CNBC interview with Jen Sincero:

It was around this time when she “just finally woke up,” she writes, and made the decision to “get over my fear and loathing of money and figure out how to make some.”

The first thing she changed was her mindset.

If you want to build wealth, you have to start by telling yourself it’s OK, Sincero says: “One of the biggest obstacles to making lots of money is not a lack of good ideas or opportunities or time, or that we’re too slovenly or stupid. It’s that we refuse to give ourselves permission to become rich.”

After all, it can feel awkward to admit that you have that ambition — but it’s necessary.

You have to agree “to get really, really, really uncomfortable. Over and over again,” writes Sincero. “You must not only admit to desiring, and commit to creating, wealth but, most important, you must allow yourself to do so.”

And:

“Back in the day, I realized that one of the things I said all the time was, ‘I can’t afford it.’ That was sort of my mantra,” Sincero tells Make It.

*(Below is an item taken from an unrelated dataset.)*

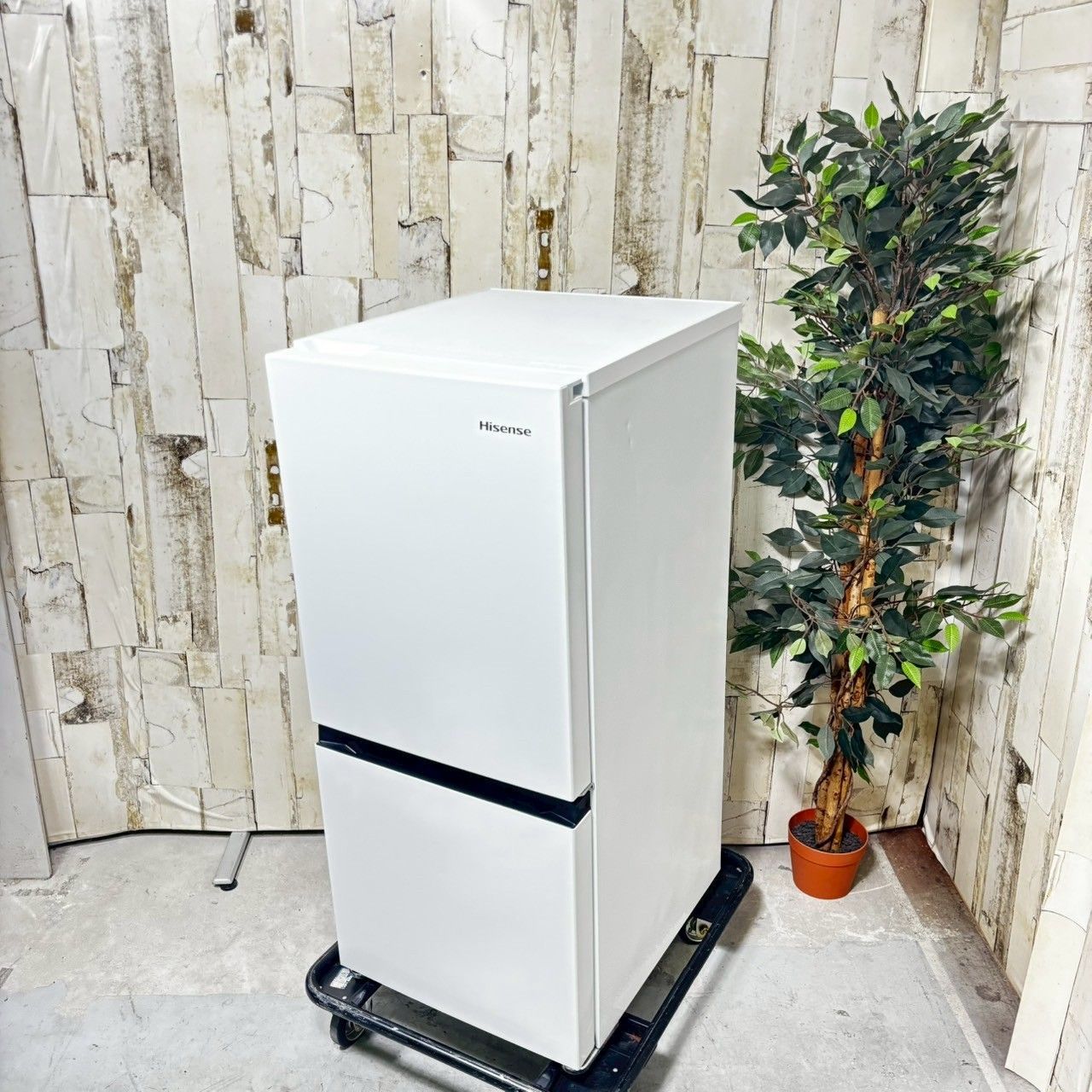 2022年製！Hisense 2ドア冷蔵庫 135L HR-D1304ホワイト ハイセンス 冷蔵庫 HR-D1304 135L 2022年製 #715010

She didn’t start building wealth until she changed her mantra to “money flows to me easily and freely.”

“So every time I wanted to say, ‘I can’t afford it,’ I forced myself to say, ‘Money flows to me easily and freely,’ which seemed a little bit bananas,” she admits. “But what it did was it made me feel better — it was way more fun to say that than ‘I can’t afford it.’ And, it also forced me to shift my focus to be like, ‘OK, are there ways that money does flow to me easily and freely?’”

Changing her modes of thinking helped her change her reality, she says: “Once you shift your focus off of proving that, ‘I can’t afford it because I am Jen Sincero and I am broke,’ to proving that my money flows to me easily and freely, you open yourself up to the ways to make the new mantra true.”

And:

“Get into the emotional state of what it would feel like when you do make that money and get really excited about it and make it a non-negotiable goal that you make that money.”

And, she says, you have to commit: “When you really want to change something about your life, you’ve got to go about it with this hell-bent-for-glory attitude. You just can’t kind of, sort of want to make some more money. If you’re serious about it, you’ve got to do the work, get very specific about your goals and get in the emotional state to achieve them.”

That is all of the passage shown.